From: Bruno Marchal <>
Date: Mon, 16 Sep 2002 11:11:01 +0200

At 10:06 -0700 10/09/2002, George Levy wrote:

>The impossibility of the Kirks to occupy the same position at the
>same time during the transport experiment reminds me of fermionic
>versus bosonic behavior.

Interesting. Shadows of a link fermion/boson and the 1-3 person

>I wonder if there is a connection between fermions/bosons and the MWI.

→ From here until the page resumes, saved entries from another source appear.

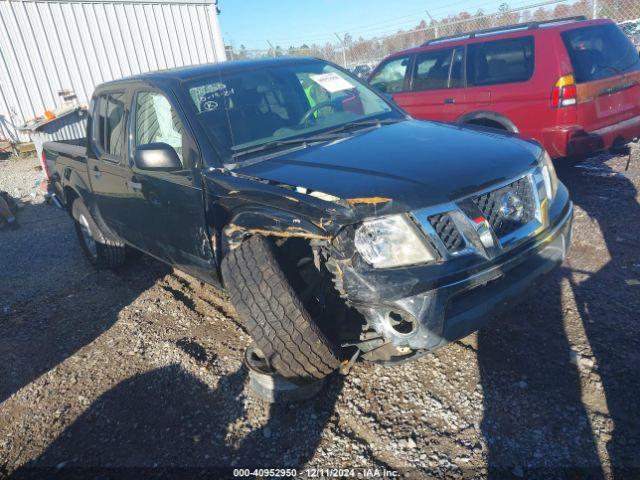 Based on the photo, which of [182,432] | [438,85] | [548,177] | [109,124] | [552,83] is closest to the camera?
[182,432]

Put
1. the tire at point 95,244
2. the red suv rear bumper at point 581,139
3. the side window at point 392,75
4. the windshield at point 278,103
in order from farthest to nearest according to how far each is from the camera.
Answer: the side window at point 392,75
the red suv rear bumper at point 581,139
the tire at point 95,244
the windshield at point 278,103

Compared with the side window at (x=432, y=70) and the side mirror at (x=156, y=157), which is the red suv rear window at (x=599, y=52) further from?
the side mirror at (x=156, y=157)

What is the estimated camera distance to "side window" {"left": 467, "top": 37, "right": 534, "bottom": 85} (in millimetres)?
5238

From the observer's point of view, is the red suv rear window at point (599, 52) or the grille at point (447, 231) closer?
the grille at point (447, 231)

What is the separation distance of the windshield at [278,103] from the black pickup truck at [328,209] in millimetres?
12

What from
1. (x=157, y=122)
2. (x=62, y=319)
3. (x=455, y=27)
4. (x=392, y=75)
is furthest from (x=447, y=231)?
(x=455, y=27)

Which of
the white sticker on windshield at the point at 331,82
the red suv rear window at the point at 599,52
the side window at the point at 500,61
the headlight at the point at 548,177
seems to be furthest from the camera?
the side window at the point at 500,61

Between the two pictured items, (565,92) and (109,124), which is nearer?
(109,124)

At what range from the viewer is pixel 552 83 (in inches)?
195

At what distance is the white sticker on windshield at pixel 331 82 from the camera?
11.6 ft

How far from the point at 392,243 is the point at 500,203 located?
636mm

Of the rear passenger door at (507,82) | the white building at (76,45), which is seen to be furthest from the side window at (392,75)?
the white building at (76,45)

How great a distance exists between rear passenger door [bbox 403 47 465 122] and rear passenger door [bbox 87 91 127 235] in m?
3.58

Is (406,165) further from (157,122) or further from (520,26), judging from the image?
(520,26) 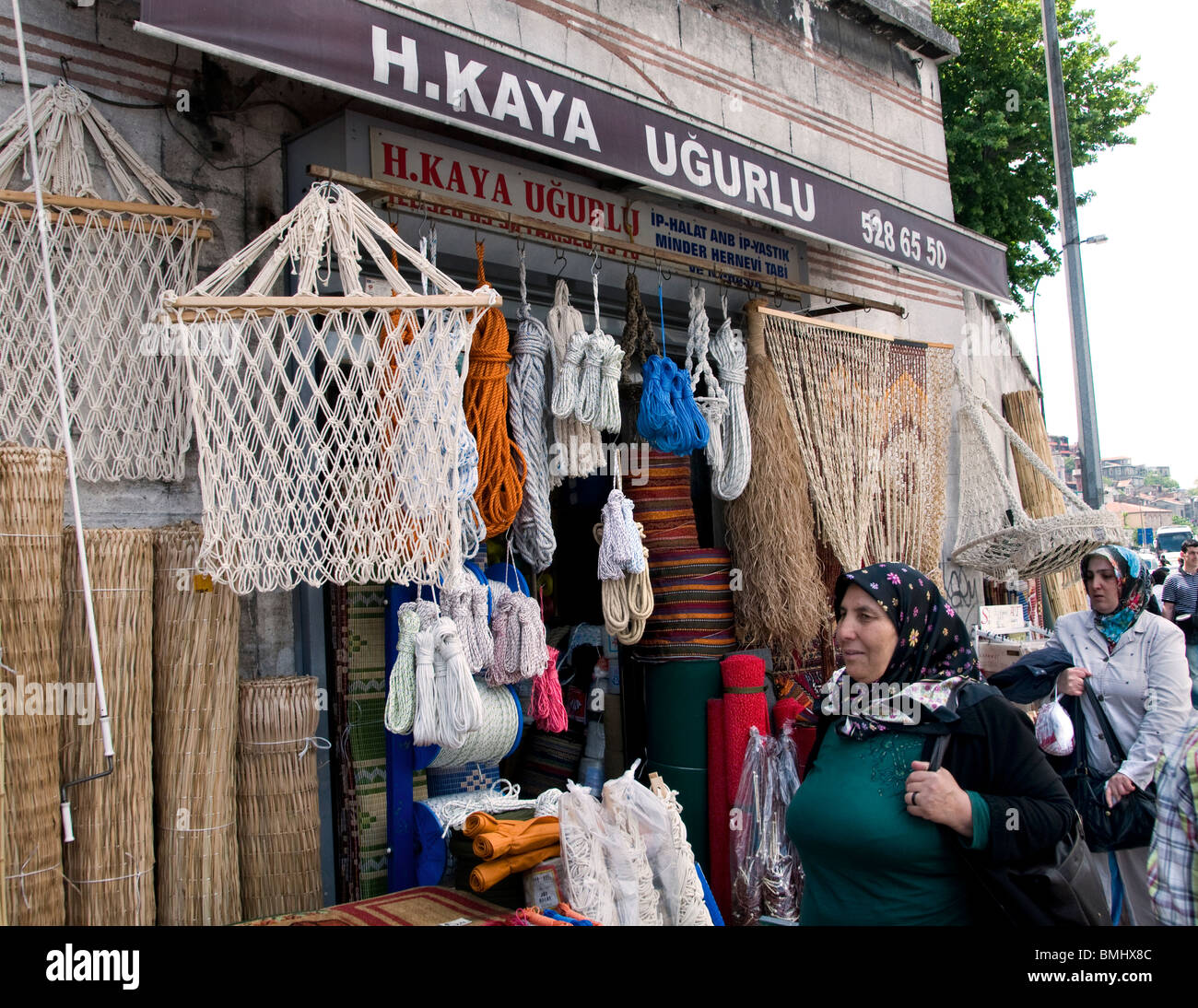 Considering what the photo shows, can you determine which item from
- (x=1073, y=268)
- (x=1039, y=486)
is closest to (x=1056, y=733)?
(x=1039, y=486)

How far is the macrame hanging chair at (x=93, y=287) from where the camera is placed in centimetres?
329

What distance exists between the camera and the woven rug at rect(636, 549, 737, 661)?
506cm

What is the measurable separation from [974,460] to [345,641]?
461cm

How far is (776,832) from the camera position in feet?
15.2

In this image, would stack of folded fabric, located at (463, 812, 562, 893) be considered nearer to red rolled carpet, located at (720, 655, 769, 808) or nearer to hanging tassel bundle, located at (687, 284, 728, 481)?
red rolled carpet, located at (720, 655, 769, 808)

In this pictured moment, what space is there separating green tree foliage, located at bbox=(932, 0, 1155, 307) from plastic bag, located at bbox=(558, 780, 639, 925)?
13331 mm

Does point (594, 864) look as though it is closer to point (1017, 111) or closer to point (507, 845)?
point (507, 845)

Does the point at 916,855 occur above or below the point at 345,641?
below

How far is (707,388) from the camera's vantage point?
4.89 m

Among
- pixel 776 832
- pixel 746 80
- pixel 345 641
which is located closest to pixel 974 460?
pixel 746 80

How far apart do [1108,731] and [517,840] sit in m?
2.35

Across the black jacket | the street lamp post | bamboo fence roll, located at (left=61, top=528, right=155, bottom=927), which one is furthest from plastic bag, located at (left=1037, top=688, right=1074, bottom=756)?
the street lamp post

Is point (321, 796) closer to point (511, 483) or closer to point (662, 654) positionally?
point (511, 483)

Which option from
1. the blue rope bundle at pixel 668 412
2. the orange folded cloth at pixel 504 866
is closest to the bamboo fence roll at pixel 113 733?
the orange folded cloth at pixel 504 866
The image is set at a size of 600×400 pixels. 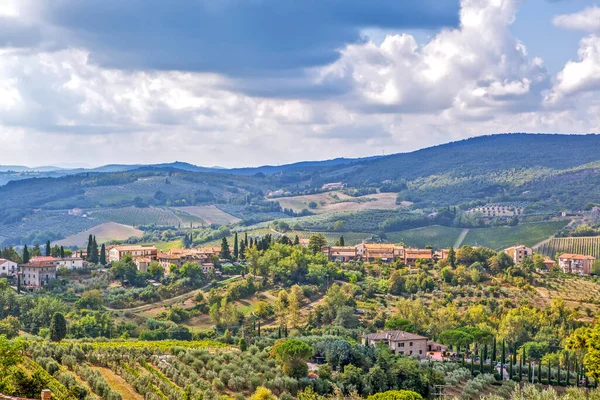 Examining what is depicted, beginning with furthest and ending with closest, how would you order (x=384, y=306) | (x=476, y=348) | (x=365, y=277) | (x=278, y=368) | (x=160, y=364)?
(x=365, y=277) < (x=384, y=306) < (x=476, y=348) < (x=278, y=368) < (x=160, y=364)

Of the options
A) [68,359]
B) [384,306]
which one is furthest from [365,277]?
[68,359]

Sure there is. Nice project to work on. And then it would be funny
to look at anyons too, in the MWI.
Fermion/bosons comes from symmetrical versus antisymmetrical behavior
after permutations. The "simple" proof that all quantum object are bosons
or fermions does not work for two dimensional spaces (three dimensional
space-time). In two dimensions you can have intermediate between bosons
and fermions, with intermediate crazy statistics. You can build
a fault tolerant quantum computer by doing knots with anyon's paths (cf Kitaev,
Freedman, etc.).
In some sense anyons remember the way they are permutated or substituted.
(If we were made of anyons the comp subst. level would be very low and
entangled with the ambient topology).
The big change with anyons is the generalization from the group of
permutations S_n (so important for fermions and bosons) to the group
of braids B_n (*).

Perhaps you were right, a long time ago, about intermediate
between 1 and 3 person. This would follow from your analogy 1/3 boson.fermion,
+ the existence of anyons.
A nice intro to braids and anyons is the John Baes


(*) Discovered by Emil Artin in 1920. It is a formidable mathematical
object. Patrick Dehornoy discovered some special order on B_n by
speculating on the existence of very high cardinals in set theory.
Later the same property have been proved without those high cardinals.
The group of braids gives also birth to the braided monoidal (tensorial)
categories I keep mentioning to Tim (cf the Yetter-post).